Dünyada daha önce ortaya çıkmış yolsuzluklara bakıldığında şu ispatlı olaylarla karşılaşılmıştı: Paravan sigorta şirketleri yolsuz siyasilere ve yolsuz kamu görevlilerine rüşvet ve yasa dışı ödemeleri gizlemek için kullanılabilir ve bu şirketlerde yolsuz görevlilerin yakın akrabaları yüksek maaşlarla çalışıyor olabilir. Sigorta primi gibi gösterilen paralar aslında belirli kişi veya gruplara aktarılan örtülü ödemeler olabilir. Yasa dışı faaliyetlerden elde edilen gelirler, sahte sigorta poliçeleri veya tazminatlar üzerinden aklanabilir. Sigorta poliçeleri veya danışmanlık hizmetleri adı altında siyasal partilerin seçim finansmanı için bağışlar yapılabilir. Hükümetle bağlantılı iş insanları siyasilerin gizlice ortak olduğu paravan sigorta şirketleri aracılığıyla sigorta ihaleleri kazanmakta avantaj sağlayabilir.

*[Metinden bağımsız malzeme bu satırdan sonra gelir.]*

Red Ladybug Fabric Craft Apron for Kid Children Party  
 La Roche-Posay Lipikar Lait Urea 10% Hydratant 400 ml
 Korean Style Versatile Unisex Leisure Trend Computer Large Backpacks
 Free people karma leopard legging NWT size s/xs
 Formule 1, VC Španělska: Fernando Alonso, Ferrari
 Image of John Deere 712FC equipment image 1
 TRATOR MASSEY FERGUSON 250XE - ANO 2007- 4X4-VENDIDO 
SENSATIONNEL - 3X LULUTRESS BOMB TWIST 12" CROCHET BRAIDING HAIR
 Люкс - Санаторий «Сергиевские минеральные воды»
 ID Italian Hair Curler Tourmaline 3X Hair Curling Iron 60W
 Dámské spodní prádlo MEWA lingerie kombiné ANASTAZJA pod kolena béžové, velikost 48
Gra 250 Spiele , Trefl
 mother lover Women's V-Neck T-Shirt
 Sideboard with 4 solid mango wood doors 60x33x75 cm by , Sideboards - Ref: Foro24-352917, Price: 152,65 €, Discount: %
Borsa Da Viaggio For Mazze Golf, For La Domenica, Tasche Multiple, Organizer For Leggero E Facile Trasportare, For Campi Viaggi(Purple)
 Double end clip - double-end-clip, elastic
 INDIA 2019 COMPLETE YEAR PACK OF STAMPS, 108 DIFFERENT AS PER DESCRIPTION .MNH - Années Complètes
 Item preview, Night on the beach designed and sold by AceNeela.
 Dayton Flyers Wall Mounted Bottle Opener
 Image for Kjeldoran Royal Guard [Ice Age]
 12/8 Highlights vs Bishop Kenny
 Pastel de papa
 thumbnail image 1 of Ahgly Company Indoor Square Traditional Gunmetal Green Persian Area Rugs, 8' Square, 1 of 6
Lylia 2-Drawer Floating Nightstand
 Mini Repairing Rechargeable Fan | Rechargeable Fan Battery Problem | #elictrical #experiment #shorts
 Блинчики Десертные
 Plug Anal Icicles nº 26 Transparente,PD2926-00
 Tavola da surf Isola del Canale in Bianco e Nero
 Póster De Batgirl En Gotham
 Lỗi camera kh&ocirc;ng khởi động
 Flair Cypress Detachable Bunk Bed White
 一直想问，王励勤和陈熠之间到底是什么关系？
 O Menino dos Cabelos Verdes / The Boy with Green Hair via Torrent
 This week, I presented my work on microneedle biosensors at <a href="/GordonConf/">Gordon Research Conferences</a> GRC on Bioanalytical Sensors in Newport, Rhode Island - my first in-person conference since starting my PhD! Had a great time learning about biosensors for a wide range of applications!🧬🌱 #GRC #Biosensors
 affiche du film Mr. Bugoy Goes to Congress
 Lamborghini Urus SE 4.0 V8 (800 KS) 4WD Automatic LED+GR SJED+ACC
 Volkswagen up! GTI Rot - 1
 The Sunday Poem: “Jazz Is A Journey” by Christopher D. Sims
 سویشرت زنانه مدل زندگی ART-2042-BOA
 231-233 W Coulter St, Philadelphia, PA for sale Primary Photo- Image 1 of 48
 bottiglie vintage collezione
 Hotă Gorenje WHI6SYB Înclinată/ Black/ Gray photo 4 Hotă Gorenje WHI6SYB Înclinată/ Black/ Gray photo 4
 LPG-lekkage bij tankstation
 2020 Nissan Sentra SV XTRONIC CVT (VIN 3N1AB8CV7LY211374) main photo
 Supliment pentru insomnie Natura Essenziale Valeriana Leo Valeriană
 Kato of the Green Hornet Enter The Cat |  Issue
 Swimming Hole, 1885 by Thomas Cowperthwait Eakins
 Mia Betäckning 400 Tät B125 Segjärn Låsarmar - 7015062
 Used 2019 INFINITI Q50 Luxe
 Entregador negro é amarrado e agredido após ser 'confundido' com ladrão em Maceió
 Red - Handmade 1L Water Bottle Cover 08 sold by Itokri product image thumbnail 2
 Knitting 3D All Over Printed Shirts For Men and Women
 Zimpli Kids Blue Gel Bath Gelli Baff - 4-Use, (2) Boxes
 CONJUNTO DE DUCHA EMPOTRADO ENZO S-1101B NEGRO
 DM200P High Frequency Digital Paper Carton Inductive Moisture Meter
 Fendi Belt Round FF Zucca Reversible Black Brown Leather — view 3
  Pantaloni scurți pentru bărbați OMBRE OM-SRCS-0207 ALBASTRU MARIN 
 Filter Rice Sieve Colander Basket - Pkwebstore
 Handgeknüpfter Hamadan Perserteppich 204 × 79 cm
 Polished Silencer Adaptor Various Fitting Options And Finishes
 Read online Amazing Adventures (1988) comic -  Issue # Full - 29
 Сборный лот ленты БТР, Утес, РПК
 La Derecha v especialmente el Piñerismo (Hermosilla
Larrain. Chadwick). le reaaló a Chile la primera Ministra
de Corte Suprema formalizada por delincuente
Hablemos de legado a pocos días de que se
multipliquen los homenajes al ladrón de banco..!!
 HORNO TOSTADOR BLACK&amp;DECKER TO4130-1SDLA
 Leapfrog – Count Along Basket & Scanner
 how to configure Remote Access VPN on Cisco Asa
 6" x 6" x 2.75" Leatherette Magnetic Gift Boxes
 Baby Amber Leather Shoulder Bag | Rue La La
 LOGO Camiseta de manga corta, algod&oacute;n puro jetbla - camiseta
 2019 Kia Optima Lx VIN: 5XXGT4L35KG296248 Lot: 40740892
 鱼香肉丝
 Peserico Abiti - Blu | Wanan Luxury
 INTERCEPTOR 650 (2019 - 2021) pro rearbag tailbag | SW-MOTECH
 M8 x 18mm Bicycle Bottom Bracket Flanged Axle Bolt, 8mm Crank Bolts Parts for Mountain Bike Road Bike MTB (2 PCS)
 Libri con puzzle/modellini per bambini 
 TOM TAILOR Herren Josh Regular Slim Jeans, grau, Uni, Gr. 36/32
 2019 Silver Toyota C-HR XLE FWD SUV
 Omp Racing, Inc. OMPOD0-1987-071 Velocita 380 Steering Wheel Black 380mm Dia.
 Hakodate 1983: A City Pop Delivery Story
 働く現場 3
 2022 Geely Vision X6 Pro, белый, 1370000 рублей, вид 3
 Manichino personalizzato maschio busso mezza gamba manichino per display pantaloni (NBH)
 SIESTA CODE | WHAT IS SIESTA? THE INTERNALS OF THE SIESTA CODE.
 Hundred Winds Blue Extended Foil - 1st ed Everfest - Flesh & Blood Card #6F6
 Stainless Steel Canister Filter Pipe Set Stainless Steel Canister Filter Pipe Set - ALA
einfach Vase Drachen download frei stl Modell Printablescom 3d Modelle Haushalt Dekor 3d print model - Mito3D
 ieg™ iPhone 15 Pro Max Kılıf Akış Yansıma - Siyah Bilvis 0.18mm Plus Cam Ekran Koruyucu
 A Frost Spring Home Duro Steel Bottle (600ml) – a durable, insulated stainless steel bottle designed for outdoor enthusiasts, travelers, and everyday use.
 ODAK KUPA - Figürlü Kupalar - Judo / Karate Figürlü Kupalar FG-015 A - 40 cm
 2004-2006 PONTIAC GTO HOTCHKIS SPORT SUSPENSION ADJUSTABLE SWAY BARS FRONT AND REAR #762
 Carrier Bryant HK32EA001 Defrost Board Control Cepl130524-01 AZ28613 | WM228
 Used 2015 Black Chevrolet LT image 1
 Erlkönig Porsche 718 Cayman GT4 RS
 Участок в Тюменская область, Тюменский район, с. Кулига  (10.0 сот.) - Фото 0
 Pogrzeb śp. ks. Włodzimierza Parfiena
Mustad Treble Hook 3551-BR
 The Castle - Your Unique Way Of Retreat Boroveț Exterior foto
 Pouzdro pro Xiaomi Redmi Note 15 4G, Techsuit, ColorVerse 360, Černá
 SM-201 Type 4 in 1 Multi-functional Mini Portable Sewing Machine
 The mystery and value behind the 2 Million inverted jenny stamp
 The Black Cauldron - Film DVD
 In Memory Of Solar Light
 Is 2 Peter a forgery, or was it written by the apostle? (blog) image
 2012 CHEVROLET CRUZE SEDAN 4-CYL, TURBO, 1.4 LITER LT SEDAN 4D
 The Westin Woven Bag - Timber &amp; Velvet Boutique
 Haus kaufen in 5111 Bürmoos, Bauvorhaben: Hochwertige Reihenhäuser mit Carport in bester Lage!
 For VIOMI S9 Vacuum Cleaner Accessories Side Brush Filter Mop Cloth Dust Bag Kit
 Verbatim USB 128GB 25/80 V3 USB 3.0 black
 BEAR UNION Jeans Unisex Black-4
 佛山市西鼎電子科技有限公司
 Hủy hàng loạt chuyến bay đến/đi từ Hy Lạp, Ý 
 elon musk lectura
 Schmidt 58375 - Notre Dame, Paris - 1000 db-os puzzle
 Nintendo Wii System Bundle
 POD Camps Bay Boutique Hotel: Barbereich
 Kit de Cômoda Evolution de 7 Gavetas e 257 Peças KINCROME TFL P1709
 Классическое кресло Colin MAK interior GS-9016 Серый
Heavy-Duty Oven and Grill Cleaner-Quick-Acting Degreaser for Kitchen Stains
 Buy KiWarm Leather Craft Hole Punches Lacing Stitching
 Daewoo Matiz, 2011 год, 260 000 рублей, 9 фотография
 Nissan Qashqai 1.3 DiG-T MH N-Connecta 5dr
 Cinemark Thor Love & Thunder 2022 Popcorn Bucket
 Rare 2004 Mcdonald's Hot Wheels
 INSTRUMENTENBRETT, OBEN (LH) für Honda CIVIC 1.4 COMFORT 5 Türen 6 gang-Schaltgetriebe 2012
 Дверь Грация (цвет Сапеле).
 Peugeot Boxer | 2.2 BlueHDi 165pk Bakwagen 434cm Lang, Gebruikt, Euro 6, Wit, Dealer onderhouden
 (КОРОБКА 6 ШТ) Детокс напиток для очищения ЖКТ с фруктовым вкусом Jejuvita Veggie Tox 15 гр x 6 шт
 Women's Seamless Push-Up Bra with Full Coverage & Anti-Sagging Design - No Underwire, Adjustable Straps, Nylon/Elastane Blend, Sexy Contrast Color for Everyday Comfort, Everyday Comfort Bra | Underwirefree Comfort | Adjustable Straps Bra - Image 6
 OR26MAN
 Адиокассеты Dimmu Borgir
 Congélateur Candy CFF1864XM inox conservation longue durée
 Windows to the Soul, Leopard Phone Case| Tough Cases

Sözün özü, dünya genelinde ortaya çıkırılan yolsuzluklarda, sigortacılık sektörü kasıtlı bir denetimsizlikle, siyasiler ve üst düzey yolsuz kamu görevlileri tarafından kişisel, yasa dışı çıkar temininde sıklıkla araç olarak kullanılmaktadır. Meclis’te iki vekil tarafından iddia edilenlerin bu nedenle araştırılması ve soruşturulması gerekir. Ürün Solyalı Meclis konuşmasında Bakan Berova’ya Ceza Yasası’nın 105. Maddesi’ni boşuna hatırlatmıştı. Kendisine veya başkalarına menfaat sağlamak amacıyla görevinin gereklerine aykırı hareket edenin Görevi Kötüye Kullanma suçu işlediğini ve 2 yıl hapis cezası alabileceğini söylemişti yani.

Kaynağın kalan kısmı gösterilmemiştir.